“When we formed we were very much ‘indier than thou. Very pretentious. We were very prescriptive to what being in a band should be. Authenticity has always been very important to us but now, our approach to releasing music, playing live shows - we’ve become the band we always should have been. So now I can be smug!” Gareth David Paisey has every right to be proud of where Los Campesinos! have landed in 2024. Now…the future is bright for a band of 7! How rare is that?
Episode 66: Los Campesinos! Make a break away from the cult
What happens when you are a cult band (indeed when Pitchfork refers to you as “the ultimate cult band”) and you make the most accessible, most ‘mainstream’ album of your career?
It’s a relevant question for many bands these days, because emerging from cult status to the mainstream (what’s left of it) is a very valid path to longevity and success. Look at Nick Cave for example. He’s done alright.

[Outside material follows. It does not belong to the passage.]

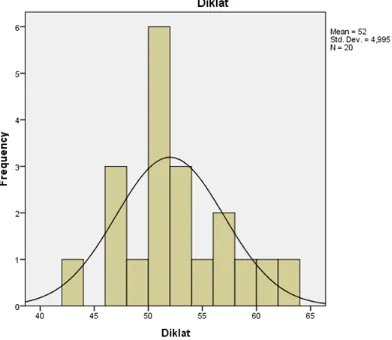 Gambar 1 Histogram Skor Keefektifan Pendidikan dan Pelatihan (Diklat)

But I can’t think of a better example right now, than Los Campesinos!
With All Hell, they have made the kind of record that can win over new fans, which isn’t easy on your 7th album. If we whisper it quietly, they may have even made a classic album. Only time will tell, but for now the band is enjoying basking in a little bit of well deserved success, including an 8.5 on Pitchfork, hitting number 14 on the UK album chart and sold out UK venues - bigger ones than they have played before. Not quite a jump from cult status to daytime radio playlists, but nonetheless, progress. Los Campesinos! have just found a route to a larger audience.
“We’ve always looked for validation elsewhere, but to achieve the best reviews of our career and chart position [for All Hell] is very flattering and something we appreciate more now than at any other point in our career.”

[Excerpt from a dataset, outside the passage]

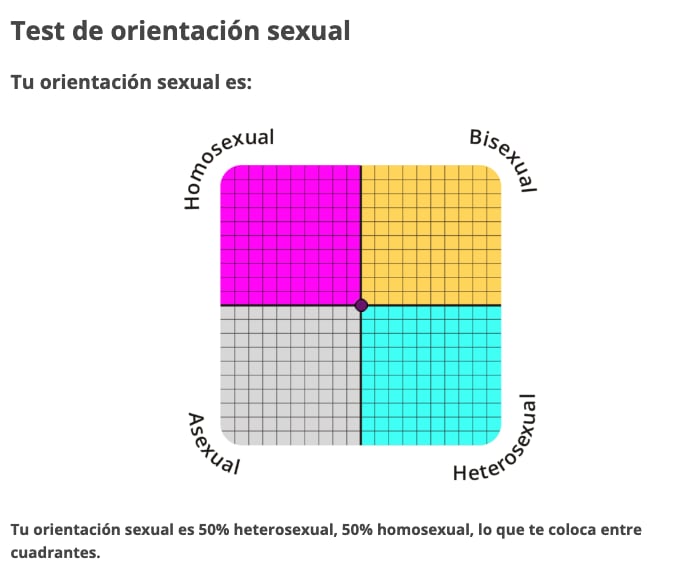 Test de orientación sexual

It remains to be seen if the glut of year end ‘best albums of’ lists remember to include All Hell, if indeed they considered the record a suitable candidate. Well, it’s on my list. What’s more, the vinyl package is lovely (apart from the 45 RPM but we’ll let that one go for now).
Here’s the thing. If you didn’t know anything about Los Campesinos but came across All Hell and played it through, it could have come straight out of the late 80s US indie scene - the one our very own Jules Gray curated on The American Import Record Rack. And yet Los Campesinos first came together in 2006 at Cardiff University. Gareth David Paisey’s lyrical themes may be universal but are steeped in the culture of merry old UK: from the pub to the church hall, to football, to the A470. Then again, his other recurring themes of sadness, self-doubt, death and existential angst are somewhat more globally relatable, even if we excel at such states of being on these shores.
“My lyric writing process is inadvisable and I would not recommend it to anyone. I only write when I know the wheels are turning and the process [of recording] is underway. I’ve never seen myself as an artist. I wish I could. I then try to get into the character of the songs and to write something uniquely us”.
That approach seems much more in keeping with a band of cult status, as is the way Los Campesinos! runs its operation i.e. very much as its own cottage industry. You are more likely to find Gareth and bandmates on the merch stand after gigs than some fancy aftershow shindig. But perhaps this is about to change. Would the band once again succumb to the lure of the music industry machine, record labels and what have you?
“The only thing a record label could offer us is money. But anyone who offered us lots of money would be bad business people. It wouldn’t be worth anyone's time. If you [as a band] have the time and the basic skill set to release your own records and manage yourself, it’s a worthwhile endeavour”.
This is the pragmatic voice of a cult indie band surviving and sustaining through the treacherous territory of the music industry circa 2024. And for all that, they go and make a record as good as All Hell.
Let’s hope the list-makers don’t forget it.